▶ _Stored records_
◆ ◆ ◆ ◆ ◆ ◆ ◆
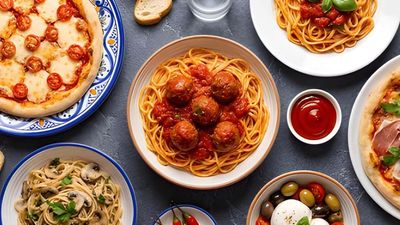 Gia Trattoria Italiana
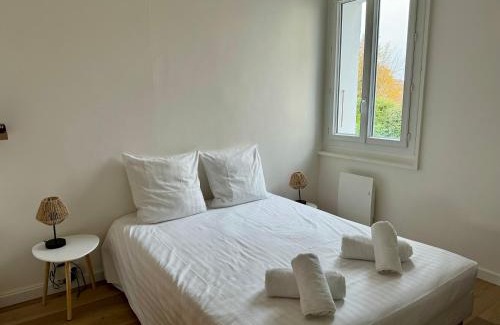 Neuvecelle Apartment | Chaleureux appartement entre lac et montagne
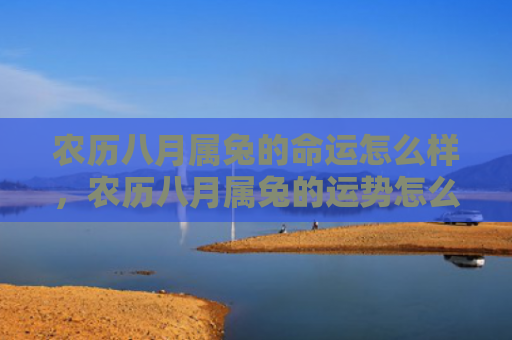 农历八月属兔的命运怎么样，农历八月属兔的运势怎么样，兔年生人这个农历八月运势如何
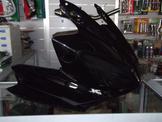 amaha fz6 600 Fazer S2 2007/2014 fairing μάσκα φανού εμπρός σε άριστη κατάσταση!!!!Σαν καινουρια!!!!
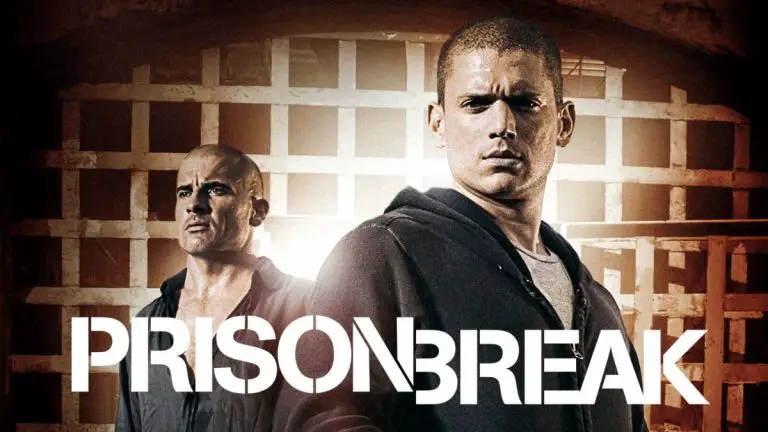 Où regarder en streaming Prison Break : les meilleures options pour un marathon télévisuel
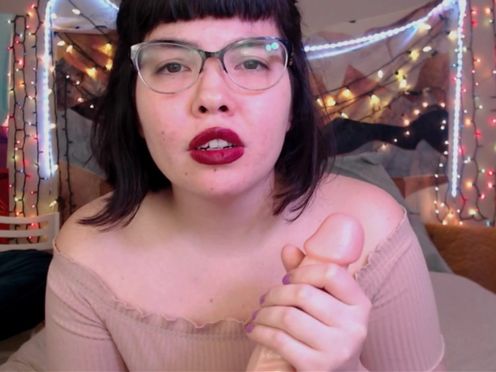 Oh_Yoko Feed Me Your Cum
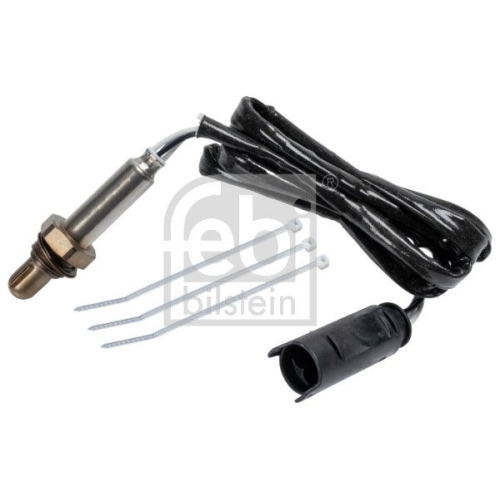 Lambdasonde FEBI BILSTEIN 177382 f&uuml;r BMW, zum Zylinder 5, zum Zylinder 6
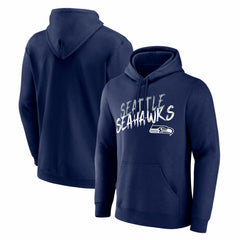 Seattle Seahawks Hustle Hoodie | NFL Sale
◆ ◆ ◆ ◆ ◆ ◆ ◆
▶ _What you have to do_
Each line from the line containing "农历八月属兔的命运怎么样，农" through the last line above must be written out exactly, and every picture must be omitted.

▶ _Written response_
 农历八月属兔的命运怎么样，农历八月属兔的运势怎么样，兔年生人这个农历八月运势如何
 amaha fz6 600 Fazer S2 2007/2014 fairing μάσκα φανού εμπρός σε άριστη κατάσταση!!!!Σαν καινουρια!!!!
 Où regarder en streaming Prison Break : les meilleures options pour un marathon télévisuel
 Oh_Yoko Feed Me Your Cum
 Lambdasonde FEBI BILSTEIN 177382 f&uuml;r BMW, zum Zylinder 5, zum Zylinder 6
 Seattle Seahawks Hustle Hoodie | NFL Sale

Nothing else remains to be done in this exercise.